State of symbolic shapes: May 20 edition
Previous update: State of symbolic shapes branch - #55 by ezyang
Executive summary
- PT Compiler/Distributed offsite. PyTorch compiler and distributed had an offsite! Here’s a summary of what went down: https://docs.google.com/document/d/1hYZJx0-y-UOvA3Ulg4kdjRXAuoWEwvNCuffvYd3Yeno/edit?usp=sharing (Meta only). The short version is we’re going to try harder to trace eager FSDP with the PT2 stack, and that this is very, very complicated.
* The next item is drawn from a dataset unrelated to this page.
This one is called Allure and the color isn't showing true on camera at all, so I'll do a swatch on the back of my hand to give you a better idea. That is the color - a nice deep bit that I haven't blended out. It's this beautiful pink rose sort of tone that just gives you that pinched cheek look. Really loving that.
- GNN victory. puririshi98 reports 20% end-to-end speedup on pyg_nvfuser_work/gcn_neighborloader_example.py at main · puririshi98/pyg_nvfuser_work · GitHub, made possible with dynamic shapes, which is a great improvement from his initial report that eager was faster than compile. Nice work all!
- Notable bug fixes. I mostly focused on clearing dynamic shapes related user issues. I wasn’t able to fix very many before traveling to the offsite.
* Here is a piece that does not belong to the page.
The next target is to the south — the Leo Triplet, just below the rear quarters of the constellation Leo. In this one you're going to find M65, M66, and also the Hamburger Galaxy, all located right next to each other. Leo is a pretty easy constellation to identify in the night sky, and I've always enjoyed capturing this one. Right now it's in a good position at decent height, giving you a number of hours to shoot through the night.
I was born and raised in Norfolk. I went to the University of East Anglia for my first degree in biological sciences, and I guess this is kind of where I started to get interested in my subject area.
CI skips. -2, -1, 0, -2 (no change).
The dashboard (as of 03de158). This week on HUD
Metric | Torchbench | Huggingface | TIMM models |
---|---|---|---|
Passrate | 90%, 53/59 → 88%, 56/64 | 98%, 44/45 | 100%, 61/61 |
Speedup | 1.09x → 1.12x | 1.39x → 1.48x | 1.15x → 1.17x |
Comptime | 90s → 79s | 118s → 100s | 134s |
Memory | 0.87x → 0.93x | 1.00x → 0.97x | 0.97x → 1.01x |
Notes:
- torchbench pass rate change:
- basic_gnn_{edgecnn,gcn,gin,sage} are newly added models which pass out of the box
- vision_maskrcnn was removed from the skip list now that its eager mode is deterministic, but it still not working with dynamic shapes, needs more work
- hf_LongFormer now failing because hf_LongFormer incorrect strides in copy decomp was reverted
- llama now failing because locality reordering in training was disabled (it’s not clear why this affects llama though)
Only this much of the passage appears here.